そのひとつが、Web会議・TV会議を中心とした「ビジュアルコミュニケーション」によるCO2の削減である。欧米での事例を以下に、3つほど紹介する。

・WebExを使っての商談の進行により、週2回、本社があるAustinから見込み顧客がいるSanAntoninoまでの片道80分の訪問を中止した。1年間でおよそ6.5トンもの炭素ガスの大気への排出を抑制。

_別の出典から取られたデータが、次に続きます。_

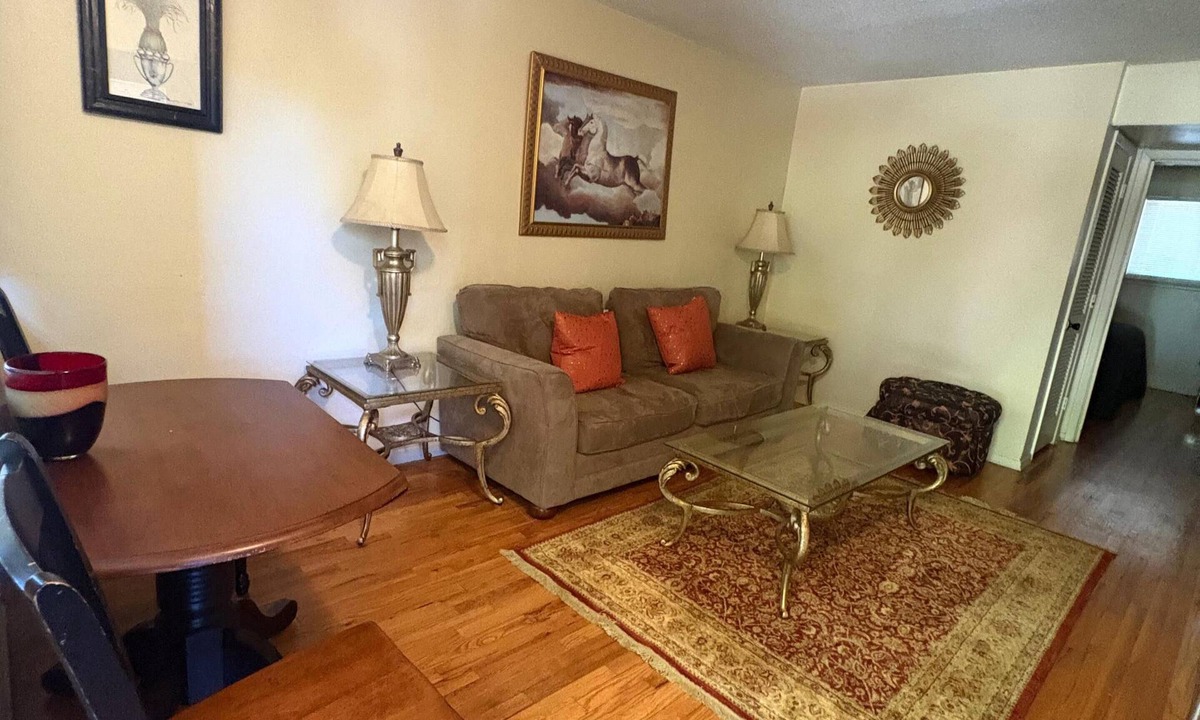 Lafayette Square Apartment | Charming Efficient 2nd Floor 2 Bedroom Apartment
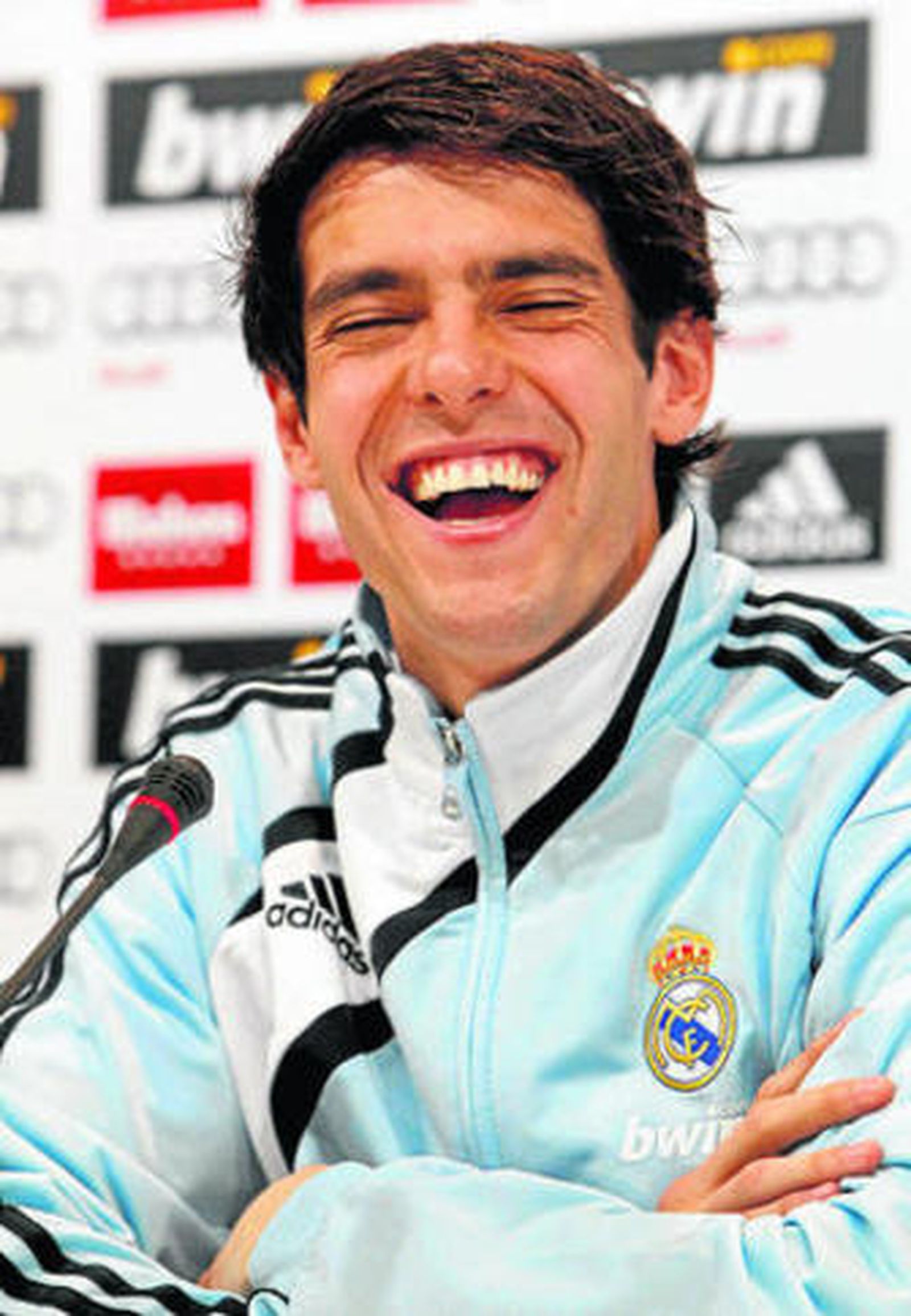 Kaká lanza una carcajada durante su comparecencia de prensa.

・WebEx使って、ロンドンにいるクライアントのために、ソフトウェアのトラブルシューティングを実施する。シリコンバレーからのフライトによる約3トン近くもの二酸化炭素の排出を抑制。

・WebExを使ってライブのプロダクトトレーニングを提供。10のパートナー向けに中東部エリアの異なる10都市で開催する代わりに、すべてのトレーニングを1日で済ませた。飛行機やレンタカーによる合計6,500マイルもの移動により排出される相当量の炭素の排出を抑制。

このように、Web会議による環境への貢献は、非常にわかりやすく直接的なものとなる。 なかでもSaaSモデルの場合は、サーバーセンターなどの電力を消費する設備自体も、社外に持つことになり提供ベンダーによって全体最適化が図られる。

「Web会議」での「グリーンIT」

今後は世界的に、Web会議の導入理由として、「CO2削減(グリーンIT)」が購買動機のひとつになっていく。出張を減らすことにより、移動にかかる化石燃料の節約を実現するWeb会議は、コスト削減や生産性向上といったダイレクトに経営に貢献する面だけでなく、環境経営の側面からも導入を後押しし、日本国内だけでなく、世界的にもさらなる積極的な利用が進むだろう。